Quickstart: Speech recognition (HTML)

Article
08/31/2015

Use speech recognition to provide input, specify an action or command, and accomplish tasks in your Universal Windows app.

Note Voice commands and speech recognition are not supported by Windows Store apps in Windows 8 and Windows 8.1.

Speech recognition is made up of a speech runtime, recognition APIs for programming the runtime, ready-to-use grammars for dictation and web search, and a default system UI that helps users discover and use speech recognition features.

Objective: To learn how to enable speech recognition.

Prerequisites

If you're new to developing apps using JavaScript:

To complete this tutorial, have a look through these links to get familiar with the technologies discussed here:

Install Microsoft Visual Studio.
Get a developer license. For instructions, see Develop using Visual Studio 2013.
Create your first app using JavaScript.
Roadmap for Windows Store apps using JavaScript
Learn about events with Quickstart: adding HTML controls and handling events

User experience guidelines:

See Speech design guidelines for helpful tips on designing a useful and engaging speech-enabled app.

Instructions

1. Set up the audio feed

Ensure that your device has a microphone or the equivalent.
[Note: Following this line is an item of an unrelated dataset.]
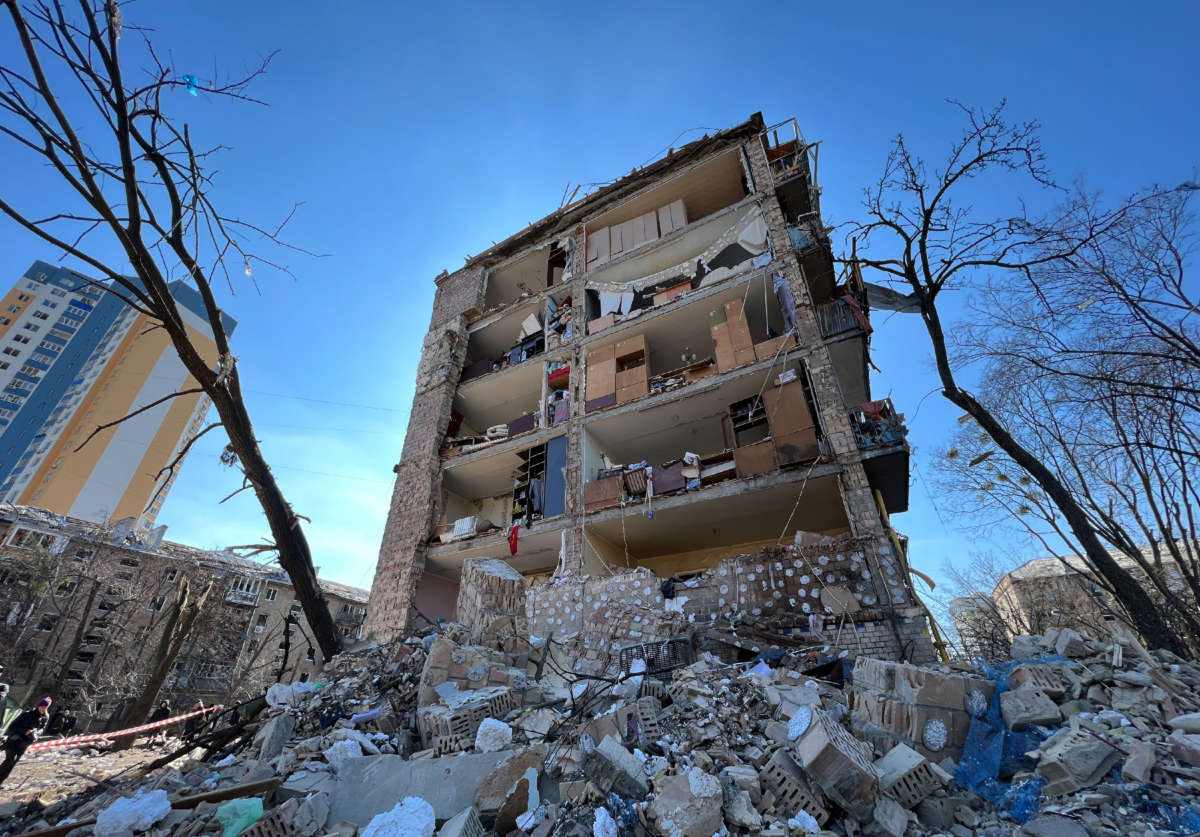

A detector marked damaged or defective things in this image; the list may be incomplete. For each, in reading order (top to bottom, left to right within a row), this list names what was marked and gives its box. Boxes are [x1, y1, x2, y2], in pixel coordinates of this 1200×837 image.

broken roof edge [453, 110, 763, 272]
damaged low-rise building [364, 113, 936, 666]
broken concrete slab [324, 748, 506, 820]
Set the Microphone device capability (DeviceCapability) in the App package manifest (package.appxmanifest file) to get access to the microphone’s audio feed. This allows the app to record audio from connected microphones.

See App capability declarations.

2. Recognize speech input

A constraint defines the words and phrases (vocabulary) that an app recognizes in speech input. Constraints are at the core of speech recognition and give your app great over the accuracy of speech recognition.

You can use various types of constraints when performing speech recognition:

Predefined grammars (SpeechRecognitionTopicConstraint).

Predefined dictation and web-search grammars provide speech recognition for your app without requiring you to author a grammar. When using these grammars, speech recognition is performed by a remote web service and the results are returned to the device.

The default free-text dictation grammar can recognize most words and phrases that a user can say in a particular language, and is optimized to recognize short phrases. The predefined dictation grammar is used if you don't specify any constraints for your SpeechRecognizer object. Free-text dictation is useful when you don't want to limit the kinds of things a user can say. Typical uses include creating notes or dictating the content for a message.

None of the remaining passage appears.